**INFORMATION SHOWN:**
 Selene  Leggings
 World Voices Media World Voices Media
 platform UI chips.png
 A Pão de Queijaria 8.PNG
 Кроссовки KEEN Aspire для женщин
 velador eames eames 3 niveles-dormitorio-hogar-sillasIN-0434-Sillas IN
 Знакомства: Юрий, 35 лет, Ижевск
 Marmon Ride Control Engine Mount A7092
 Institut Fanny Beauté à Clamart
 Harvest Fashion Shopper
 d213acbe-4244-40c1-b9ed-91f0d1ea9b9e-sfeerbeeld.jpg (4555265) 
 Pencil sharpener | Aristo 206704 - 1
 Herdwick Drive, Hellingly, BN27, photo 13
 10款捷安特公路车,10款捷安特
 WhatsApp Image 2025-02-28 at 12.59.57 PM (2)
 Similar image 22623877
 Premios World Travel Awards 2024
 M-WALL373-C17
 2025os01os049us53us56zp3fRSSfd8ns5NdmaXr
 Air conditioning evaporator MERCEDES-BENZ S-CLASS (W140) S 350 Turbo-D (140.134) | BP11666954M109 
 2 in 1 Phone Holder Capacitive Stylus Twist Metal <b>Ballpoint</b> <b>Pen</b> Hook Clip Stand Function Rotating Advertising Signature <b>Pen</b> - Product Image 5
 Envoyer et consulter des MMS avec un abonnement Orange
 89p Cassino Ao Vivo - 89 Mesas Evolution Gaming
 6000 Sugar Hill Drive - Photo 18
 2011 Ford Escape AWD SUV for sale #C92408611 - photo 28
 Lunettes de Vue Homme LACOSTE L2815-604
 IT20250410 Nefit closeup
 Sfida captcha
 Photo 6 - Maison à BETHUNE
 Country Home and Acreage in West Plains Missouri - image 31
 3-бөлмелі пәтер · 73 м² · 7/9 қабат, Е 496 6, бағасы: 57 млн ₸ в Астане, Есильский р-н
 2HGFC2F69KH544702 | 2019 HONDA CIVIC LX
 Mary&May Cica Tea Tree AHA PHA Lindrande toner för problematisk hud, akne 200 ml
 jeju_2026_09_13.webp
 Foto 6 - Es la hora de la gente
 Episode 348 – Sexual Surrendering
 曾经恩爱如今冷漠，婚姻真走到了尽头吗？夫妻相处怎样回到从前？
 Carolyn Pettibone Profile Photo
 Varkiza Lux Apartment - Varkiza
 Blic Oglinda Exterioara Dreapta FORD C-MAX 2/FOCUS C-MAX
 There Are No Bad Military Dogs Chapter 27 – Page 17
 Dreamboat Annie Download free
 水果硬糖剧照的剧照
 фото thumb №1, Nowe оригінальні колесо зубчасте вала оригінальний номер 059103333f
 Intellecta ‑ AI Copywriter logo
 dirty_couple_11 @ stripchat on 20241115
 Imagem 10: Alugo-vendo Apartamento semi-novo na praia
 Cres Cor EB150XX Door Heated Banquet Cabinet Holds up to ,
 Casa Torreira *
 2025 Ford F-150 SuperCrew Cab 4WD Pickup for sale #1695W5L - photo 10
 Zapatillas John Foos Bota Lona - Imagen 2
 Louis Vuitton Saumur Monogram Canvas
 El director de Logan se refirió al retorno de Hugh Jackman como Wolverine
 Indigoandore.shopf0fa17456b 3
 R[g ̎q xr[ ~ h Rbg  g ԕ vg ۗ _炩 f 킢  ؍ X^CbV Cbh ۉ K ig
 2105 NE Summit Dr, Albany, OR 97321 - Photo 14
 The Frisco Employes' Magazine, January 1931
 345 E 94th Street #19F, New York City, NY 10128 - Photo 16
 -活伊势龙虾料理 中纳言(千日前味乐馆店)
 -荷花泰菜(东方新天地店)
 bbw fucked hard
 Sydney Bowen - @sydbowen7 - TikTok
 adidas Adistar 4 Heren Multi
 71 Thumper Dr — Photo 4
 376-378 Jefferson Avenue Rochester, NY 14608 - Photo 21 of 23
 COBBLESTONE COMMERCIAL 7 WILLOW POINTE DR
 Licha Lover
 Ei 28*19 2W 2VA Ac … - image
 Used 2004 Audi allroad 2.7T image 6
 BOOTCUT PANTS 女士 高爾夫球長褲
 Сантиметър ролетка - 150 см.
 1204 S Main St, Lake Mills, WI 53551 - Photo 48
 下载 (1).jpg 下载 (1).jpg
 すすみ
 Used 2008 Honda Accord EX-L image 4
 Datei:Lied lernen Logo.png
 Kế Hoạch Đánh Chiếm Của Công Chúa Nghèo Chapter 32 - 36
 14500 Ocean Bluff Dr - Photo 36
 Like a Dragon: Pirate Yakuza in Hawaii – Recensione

**PROBLEM DESCRIPTION:** Take from the material above the lines running from the one with "Envoyer et consulter" through the one with "Country Home and", and repeat them exactly, with nothing else.

**TASK ANSWER:**
 Envoyer et consulter des MMS avec un abonnement Orange
 89p Cassino Ao Vivo - 89 Mesas Evolution Gaming
 6000 Sugar Hill Drive - Photo 18
 2011 Ford Escape AWD SUV for sale #C92408611 - photo 28
 Lunettes de Vue Homme LACOSTE L2815-604
 IT20250410 Nefit closeup
 Sfida captcha
 Photo 6 - Maison à BETHUNE
 Country Home and Acreage in West Plains Missouri - image 31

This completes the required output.